Miguel de Cervantes fue sepultado en el antiguo templo de las Trinitarias de Madrid, cumpliendo así su deseo, el 23 de abril de 1616. Pues bien: transcurridos cuatro siglos se ha decidido, con cargo al Ayuntamiento de la capital, iniciar la búsqueda de sus restos. Este verano se detuvo el proceso aunque al parecer se reanudará en breve, con un costo que calculan superará los cien mil euros cuando finalice el rastreo. La justificación, en palabras de Fernando de Pardo, historiador encargado, entre otros, de hallar el emplazamiento, estriba en tratarse de «Un personaje mundial» del que «Podemos localizar los restos y ponerles una lápida encima». Ignoro lo que opinarán ustedes, pero a mí se me antojan pobres explicaciones para justificar un esfuerzo -también económico- sin más objetivo que reunir, en el mejor de los casos, unos fragmentos que se ubicarían a pocos metros de donde estén, pertenecientes a alguien sin descendencia y cuya pervivencia histórica no precisa del mármol. Máxime cuando otras búsquedas (y éstas sí, a petición de los deudos muchas veces) han sido orilladas con argumentos cuestionados incluso por el Comité de Derechos Humanos de la ONU.

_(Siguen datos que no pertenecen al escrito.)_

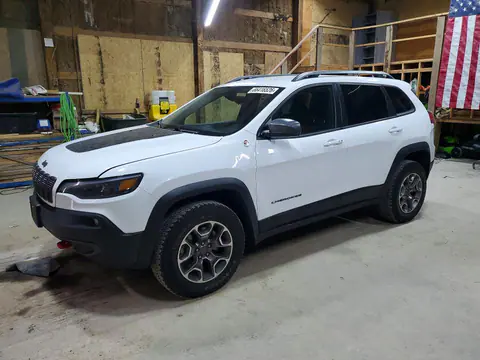 1C4PJMBX0LD613004 — 2020 Jeep Cherokee, Град (Hail), фото до ремонта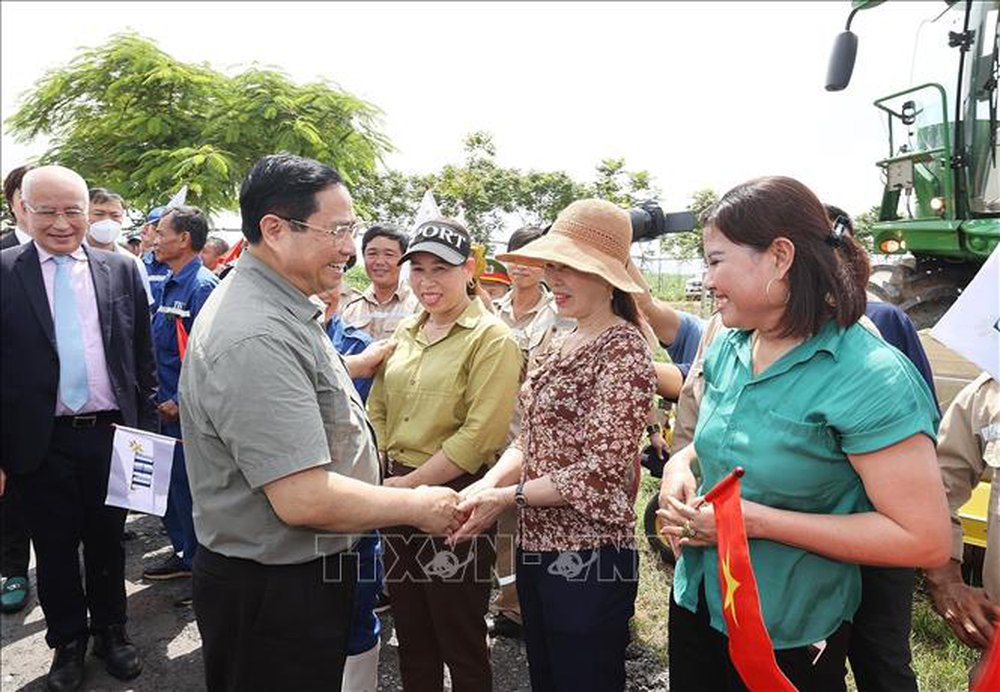  Thủ tướng thăm vùng sản xuất nông nghiệp công nghệ cao tại Nghệ An  - Ảnh 1.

Me refiero, como suponen, a esos más de 80.000 asesinados en los tiempos sombríos del franquismo, enterrados en lugares impropios, en fosas comunes e ignoradas y cuya localización y sepultura, con nombres y apellidos, sería de estricta justicia siquiera post mortem. Y un lenitivo para sus familiares. Sin embargo, la Ley de Amnistía, promulgada en 1977, sigue vigente; la de Memoria Histórica no ha servido para rescatarlos del anonimato con que los cubrieron y, como broche de la sinrazón, bastará recordar la implacable persecución al Juez Garzón desde 2008 (cuando se declaró competente para investigar las desapariciones durante la Dictadura) a 2012, año en que, una vez absuelto del delito de prevaricación que se le imputaba por instruir la apertura de 19 fosas, fue condenado a 11 años de inhabilitación a propósito del caso Gürtel; evidente excusa para quitárselo de encima.

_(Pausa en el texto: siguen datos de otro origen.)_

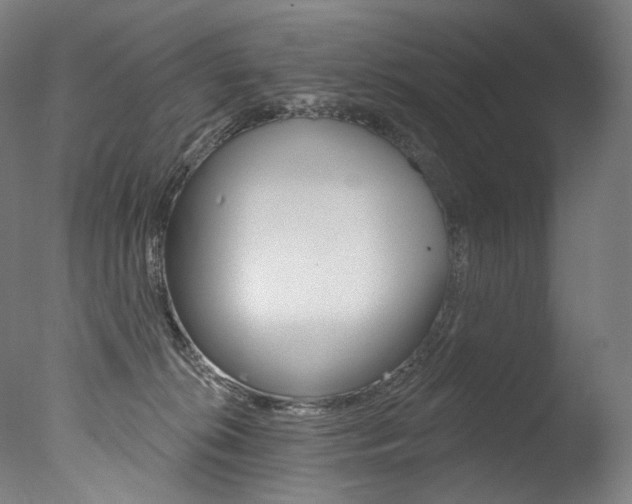 X0000077310276200610200849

Frente a semejante escenario, buscar lo que quede -poco o nada tras 400 años- de Cervantes mientras las víctimas de la represión (también personajes mundiales por lo que atestiguan) siguen en cualquier cuneta,
me parece un escarnio hacia ellos y una afrenta para quienes no comulgamos con olvidos interesados. Así pues, y de buscar a Don Miguel, ello debiera ocurrir después de dar cumplida satisfacción a un imperativo ético que el Ayuntamiento de Madrid -como otros muchos y amparados por el Congreso- se viene pasando por el forro.